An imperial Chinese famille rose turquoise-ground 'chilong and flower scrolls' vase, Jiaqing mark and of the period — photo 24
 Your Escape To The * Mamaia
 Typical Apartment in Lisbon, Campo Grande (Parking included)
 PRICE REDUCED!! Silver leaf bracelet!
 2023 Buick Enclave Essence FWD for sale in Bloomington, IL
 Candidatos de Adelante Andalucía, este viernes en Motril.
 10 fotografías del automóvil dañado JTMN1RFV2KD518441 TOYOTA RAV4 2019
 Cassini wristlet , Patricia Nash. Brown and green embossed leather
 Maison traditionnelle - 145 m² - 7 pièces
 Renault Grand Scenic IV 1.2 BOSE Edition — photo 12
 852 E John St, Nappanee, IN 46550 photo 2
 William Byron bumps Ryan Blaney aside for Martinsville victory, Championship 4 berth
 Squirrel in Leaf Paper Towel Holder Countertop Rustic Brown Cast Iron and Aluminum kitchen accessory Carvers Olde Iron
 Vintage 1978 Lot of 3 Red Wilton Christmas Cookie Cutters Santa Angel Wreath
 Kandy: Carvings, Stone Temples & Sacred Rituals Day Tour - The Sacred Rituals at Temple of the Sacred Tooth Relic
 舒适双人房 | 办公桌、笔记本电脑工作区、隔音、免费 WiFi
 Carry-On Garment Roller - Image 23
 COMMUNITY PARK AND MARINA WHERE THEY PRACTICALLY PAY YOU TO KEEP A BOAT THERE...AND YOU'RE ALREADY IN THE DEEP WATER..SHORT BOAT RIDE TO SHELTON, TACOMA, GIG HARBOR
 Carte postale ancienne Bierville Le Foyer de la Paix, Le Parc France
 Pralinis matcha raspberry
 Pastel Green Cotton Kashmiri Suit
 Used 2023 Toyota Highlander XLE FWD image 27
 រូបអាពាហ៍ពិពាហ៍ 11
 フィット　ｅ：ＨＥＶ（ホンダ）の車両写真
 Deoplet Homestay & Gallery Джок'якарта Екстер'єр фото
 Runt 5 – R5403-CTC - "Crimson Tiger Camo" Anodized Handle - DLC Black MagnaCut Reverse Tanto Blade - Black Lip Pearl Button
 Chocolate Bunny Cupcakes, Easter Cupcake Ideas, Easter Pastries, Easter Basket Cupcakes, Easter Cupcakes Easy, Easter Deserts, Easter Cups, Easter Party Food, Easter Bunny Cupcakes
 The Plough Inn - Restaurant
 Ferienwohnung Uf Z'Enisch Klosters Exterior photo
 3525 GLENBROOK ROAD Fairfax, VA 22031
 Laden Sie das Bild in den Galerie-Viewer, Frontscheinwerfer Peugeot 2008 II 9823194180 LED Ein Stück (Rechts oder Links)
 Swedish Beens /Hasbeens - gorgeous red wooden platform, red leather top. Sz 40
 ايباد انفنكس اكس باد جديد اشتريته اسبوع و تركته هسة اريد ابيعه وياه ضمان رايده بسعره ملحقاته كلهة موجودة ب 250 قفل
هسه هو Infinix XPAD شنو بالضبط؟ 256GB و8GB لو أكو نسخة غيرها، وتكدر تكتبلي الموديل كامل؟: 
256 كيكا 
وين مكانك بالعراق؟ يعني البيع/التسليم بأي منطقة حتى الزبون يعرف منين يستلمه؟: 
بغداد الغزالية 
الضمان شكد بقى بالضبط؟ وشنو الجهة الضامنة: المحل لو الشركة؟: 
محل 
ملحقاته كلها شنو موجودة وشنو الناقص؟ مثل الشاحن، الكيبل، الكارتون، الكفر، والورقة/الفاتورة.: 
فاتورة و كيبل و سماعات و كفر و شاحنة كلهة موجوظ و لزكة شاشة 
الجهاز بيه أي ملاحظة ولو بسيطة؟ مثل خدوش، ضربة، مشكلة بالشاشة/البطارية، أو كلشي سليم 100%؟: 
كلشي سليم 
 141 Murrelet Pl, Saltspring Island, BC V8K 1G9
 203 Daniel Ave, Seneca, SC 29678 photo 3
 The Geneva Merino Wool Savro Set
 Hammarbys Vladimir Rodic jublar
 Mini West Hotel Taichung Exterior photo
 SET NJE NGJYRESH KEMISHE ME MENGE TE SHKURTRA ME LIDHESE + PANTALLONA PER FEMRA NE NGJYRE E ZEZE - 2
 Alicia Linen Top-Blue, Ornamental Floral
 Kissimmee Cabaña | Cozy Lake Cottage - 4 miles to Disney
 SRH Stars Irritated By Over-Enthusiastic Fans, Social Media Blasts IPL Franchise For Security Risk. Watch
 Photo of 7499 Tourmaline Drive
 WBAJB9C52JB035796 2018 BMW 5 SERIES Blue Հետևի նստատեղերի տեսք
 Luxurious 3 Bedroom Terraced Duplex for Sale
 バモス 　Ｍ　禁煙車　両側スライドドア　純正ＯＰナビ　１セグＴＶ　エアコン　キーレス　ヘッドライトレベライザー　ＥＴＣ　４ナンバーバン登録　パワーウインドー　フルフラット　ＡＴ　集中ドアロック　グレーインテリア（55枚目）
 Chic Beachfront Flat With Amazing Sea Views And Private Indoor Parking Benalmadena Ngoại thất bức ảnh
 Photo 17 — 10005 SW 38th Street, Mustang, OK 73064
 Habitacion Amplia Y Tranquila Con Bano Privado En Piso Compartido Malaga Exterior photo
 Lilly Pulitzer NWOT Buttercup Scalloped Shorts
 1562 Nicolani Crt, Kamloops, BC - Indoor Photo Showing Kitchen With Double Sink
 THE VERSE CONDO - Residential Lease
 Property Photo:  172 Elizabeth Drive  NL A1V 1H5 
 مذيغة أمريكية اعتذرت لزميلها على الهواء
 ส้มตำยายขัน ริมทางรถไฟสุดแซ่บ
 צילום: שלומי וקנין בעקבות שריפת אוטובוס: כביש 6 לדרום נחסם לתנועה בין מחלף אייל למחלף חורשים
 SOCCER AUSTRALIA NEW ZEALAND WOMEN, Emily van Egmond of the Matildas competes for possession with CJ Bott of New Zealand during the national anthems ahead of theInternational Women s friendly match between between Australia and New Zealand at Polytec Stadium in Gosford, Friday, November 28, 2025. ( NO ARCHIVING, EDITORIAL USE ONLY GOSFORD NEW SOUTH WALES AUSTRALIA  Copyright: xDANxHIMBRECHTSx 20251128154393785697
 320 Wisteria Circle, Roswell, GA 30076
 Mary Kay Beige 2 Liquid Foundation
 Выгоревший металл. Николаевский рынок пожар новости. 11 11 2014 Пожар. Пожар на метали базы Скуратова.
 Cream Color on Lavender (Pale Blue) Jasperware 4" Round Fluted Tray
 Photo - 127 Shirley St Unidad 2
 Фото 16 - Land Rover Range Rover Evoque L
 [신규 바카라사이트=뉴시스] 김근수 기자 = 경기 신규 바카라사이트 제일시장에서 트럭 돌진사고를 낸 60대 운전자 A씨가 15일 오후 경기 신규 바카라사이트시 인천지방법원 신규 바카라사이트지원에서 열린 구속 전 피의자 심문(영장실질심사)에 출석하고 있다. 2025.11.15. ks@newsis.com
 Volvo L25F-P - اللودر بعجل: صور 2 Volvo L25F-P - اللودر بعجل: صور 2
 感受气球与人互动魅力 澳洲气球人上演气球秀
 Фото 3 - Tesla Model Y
*****
# Directions:
Going down from the first line of the entries above, restate each line word for word until the line holding "Renault Grand Scenic" is done.

# Result of this task:
An imperial Chinese famille rose turquoise-ground 'chilong and flower scrolls' vase, Jiaqing mark and of the period — photo 24
 Your Escape To The * Mamaia
 Typical Apartment in Lisbon, Campo Grande (Parking included)
 PRICE REDUCED!! Silver leaf bracelet!
 2023 Buick Enclave Essence FWD for sale in Bloomington, IL
 Candidatos de Adelante Andalucía, este viernes en Motril.
 10 fotografías del automóvil dañado JTMN1RFV2KD518441 TOYOTA RAV4 2019
 Cassini wristlet , Patricia Nash. Brown and green embossed leather
 Maison traditionnelle - 145 m² - 7 pièces
 Renault Grand Scenic IV 1.2 BOSE Edition — photo 12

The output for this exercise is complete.